*** Opening Records to use ***
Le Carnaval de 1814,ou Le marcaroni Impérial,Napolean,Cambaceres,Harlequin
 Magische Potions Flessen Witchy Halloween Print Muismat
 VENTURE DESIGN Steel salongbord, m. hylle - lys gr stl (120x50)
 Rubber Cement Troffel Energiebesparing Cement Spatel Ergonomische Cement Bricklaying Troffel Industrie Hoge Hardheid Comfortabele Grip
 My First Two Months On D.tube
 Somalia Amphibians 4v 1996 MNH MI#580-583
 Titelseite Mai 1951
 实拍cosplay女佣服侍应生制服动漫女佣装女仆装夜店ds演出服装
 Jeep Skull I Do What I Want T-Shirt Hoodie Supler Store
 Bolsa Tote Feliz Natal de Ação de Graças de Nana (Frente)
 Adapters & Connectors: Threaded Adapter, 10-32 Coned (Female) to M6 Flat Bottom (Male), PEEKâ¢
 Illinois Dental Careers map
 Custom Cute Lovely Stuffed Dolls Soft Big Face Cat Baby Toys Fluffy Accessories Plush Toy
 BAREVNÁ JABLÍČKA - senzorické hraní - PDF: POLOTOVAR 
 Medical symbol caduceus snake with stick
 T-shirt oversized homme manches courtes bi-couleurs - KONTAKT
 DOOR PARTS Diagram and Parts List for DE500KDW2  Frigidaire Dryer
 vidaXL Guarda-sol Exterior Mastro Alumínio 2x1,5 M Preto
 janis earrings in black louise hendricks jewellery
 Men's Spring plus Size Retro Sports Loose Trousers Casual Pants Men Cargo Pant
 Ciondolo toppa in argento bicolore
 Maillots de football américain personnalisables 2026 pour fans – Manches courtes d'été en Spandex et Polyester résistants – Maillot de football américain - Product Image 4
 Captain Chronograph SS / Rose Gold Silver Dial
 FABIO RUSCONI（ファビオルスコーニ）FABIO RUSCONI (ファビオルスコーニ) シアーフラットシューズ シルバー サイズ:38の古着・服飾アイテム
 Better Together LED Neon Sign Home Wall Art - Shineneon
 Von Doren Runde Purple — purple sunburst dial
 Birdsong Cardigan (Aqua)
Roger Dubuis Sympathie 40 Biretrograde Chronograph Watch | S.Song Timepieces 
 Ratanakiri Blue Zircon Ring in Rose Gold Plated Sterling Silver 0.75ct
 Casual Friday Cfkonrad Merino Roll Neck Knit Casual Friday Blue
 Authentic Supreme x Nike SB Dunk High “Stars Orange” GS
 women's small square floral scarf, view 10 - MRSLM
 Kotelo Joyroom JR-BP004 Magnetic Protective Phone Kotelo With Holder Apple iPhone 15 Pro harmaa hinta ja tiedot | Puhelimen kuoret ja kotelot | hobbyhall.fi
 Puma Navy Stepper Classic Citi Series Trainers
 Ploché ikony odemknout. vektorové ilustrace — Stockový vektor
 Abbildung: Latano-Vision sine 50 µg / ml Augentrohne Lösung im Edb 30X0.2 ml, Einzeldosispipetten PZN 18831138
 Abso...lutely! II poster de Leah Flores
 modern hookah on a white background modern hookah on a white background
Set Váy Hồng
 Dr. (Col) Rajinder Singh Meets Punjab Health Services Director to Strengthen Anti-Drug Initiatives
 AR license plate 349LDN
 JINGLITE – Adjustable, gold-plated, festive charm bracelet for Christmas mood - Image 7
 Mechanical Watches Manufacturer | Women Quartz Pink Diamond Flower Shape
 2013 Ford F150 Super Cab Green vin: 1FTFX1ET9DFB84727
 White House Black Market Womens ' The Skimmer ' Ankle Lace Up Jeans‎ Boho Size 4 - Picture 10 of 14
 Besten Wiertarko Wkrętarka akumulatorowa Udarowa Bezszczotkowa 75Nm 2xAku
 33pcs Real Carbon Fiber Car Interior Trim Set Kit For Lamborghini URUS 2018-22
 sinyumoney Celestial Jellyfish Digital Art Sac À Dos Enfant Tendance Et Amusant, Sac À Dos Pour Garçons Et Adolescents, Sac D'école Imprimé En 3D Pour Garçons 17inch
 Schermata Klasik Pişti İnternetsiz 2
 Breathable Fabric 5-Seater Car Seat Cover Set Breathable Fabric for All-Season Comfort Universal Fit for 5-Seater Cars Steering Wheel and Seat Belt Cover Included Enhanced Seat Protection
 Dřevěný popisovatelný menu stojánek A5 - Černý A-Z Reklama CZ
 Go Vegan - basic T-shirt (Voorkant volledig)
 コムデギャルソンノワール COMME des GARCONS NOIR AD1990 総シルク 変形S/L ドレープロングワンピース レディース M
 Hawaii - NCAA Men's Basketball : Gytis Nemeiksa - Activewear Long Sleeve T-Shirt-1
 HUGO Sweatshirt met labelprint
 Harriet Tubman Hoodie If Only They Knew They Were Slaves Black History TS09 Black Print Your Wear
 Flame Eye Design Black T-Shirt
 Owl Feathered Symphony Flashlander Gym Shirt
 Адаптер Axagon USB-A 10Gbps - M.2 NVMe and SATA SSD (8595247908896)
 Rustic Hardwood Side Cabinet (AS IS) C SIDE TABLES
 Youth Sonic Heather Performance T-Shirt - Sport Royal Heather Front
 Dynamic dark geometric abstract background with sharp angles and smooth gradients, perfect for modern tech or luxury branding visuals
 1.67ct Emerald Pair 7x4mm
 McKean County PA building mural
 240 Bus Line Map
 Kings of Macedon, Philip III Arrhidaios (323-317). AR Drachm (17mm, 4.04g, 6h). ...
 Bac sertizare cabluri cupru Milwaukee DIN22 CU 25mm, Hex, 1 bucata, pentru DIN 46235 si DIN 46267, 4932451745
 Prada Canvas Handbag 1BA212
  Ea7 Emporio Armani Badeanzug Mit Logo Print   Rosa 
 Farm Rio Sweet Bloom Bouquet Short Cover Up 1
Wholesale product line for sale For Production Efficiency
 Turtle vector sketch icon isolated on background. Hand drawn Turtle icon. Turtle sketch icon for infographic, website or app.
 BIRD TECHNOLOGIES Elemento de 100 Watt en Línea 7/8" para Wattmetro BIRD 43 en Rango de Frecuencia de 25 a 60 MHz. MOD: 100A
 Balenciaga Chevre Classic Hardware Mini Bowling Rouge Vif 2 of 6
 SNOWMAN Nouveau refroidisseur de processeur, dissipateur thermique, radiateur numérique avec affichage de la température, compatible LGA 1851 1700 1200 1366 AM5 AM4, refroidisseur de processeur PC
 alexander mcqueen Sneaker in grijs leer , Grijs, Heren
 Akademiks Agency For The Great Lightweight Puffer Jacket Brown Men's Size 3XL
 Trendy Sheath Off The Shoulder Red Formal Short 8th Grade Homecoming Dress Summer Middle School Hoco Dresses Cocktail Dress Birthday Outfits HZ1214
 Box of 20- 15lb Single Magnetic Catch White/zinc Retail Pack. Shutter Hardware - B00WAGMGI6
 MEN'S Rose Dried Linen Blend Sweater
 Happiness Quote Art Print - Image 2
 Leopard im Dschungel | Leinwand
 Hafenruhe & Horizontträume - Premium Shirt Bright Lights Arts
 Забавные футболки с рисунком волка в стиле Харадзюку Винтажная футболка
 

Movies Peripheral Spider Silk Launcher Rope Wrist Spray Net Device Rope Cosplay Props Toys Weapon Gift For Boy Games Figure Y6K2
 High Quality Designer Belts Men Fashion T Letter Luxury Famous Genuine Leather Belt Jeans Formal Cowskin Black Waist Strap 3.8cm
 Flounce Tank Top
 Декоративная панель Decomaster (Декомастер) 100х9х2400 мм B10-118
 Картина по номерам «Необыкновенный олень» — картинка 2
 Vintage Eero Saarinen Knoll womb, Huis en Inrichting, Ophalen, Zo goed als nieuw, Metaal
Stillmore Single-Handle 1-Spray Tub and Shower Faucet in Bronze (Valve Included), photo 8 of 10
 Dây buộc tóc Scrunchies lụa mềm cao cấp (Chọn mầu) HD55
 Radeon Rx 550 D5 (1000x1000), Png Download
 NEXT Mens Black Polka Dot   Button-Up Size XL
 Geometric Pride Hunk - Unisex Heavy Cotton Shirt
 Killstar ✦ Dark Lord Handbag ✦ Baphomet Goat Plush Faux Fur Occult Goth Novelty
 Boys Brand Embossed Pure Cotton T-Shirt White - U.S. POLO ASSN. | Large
*** Closing Records to use ***
■ What you will do ■
Look above for the line with "Somalia Amphibians 4v 1996 MNH MI#580-583" and the line with "women's small square". Write out those two lines and all the lines between them, exactly, and no others.

■ Completed exercise ■
 Somalia Amphibians 4v 1996 MNH MI#580-583
 Titelseite Mai 1951
 实拍cosplay女佣服侍应生制服动漫女佣装女仆装夜店ds演出服装
 Jeep Skull I Do What I Want T-Shirt Hoodie Supler Store
 Bolsa Tote Feliz Natal de Ação de Graças de Nana (Frente)
 Adapters & Connectors: Threaded Adapter, 10-32 Coned (Female) to M6 Flat Bottom (Male), PEEKâ¢
 Illinois Dental Careers map
 Custom Cute Lovely Stuffed Dolls Soft Big Face Cat Baby Toys Fluffy Accessories Plush Toy
 BAREVNÁ JABLÍČKA - senzorické hraní - PDF: POLOTOVAR 
 Medical symbol caduceus snake with stick
 T-shirt oversized homme manches courtes bi-couleurs - KONTAKT
 DOOR PARTS Diagram and Parts List for DE500KDW2  Frigidaire Dryer
 vidaXL Guarda-sol Exterior Mastro Alumínio 2x1,5 M Preto
 janis earrings in black louise hendricks jewellery
 Men's Spring plus Size Retro Sports Loose Trousers Casual Pants Men Cargo Pant
 Ciondolo toppa in argento bicolore
 Maillots de football américain personnalisables 2026 pour fans – Manches courtes d'été en Spandex et Polyester résistants – Maillot de football américain - Product Image 4
 Captain Chronograph SS / Rose Gold Silver Dial
 FABIO RUSCONI（ファビオルスコーニ）FABIO RUSCONI (ファビオルスコーニ) シアーフラットシューズ シルバー サイズ:38の古着・服飾アイテム
 Better Together LED Neon Sign Home Wall Art - Shineneon
 Von Doren Runde Purple — purple sunburst dial
 Birdsong Cardigan (Aqua)
Roger Dubuis Sympathie 40 Biretrograde Chronograph Watch | S.Song Timepieces 
 Ratanakiri Blue Zircon Ring in Rose Gold Plated Sterling Silver 0.75ct
 Casual Friday Cfkonrad Merino Roll Neck Knit Casual Friday Blue
 Authentic Supreme x Nike SB Dunk High “Stars Orange” GS
 women's small square floral scarf, view 10 - MRSLM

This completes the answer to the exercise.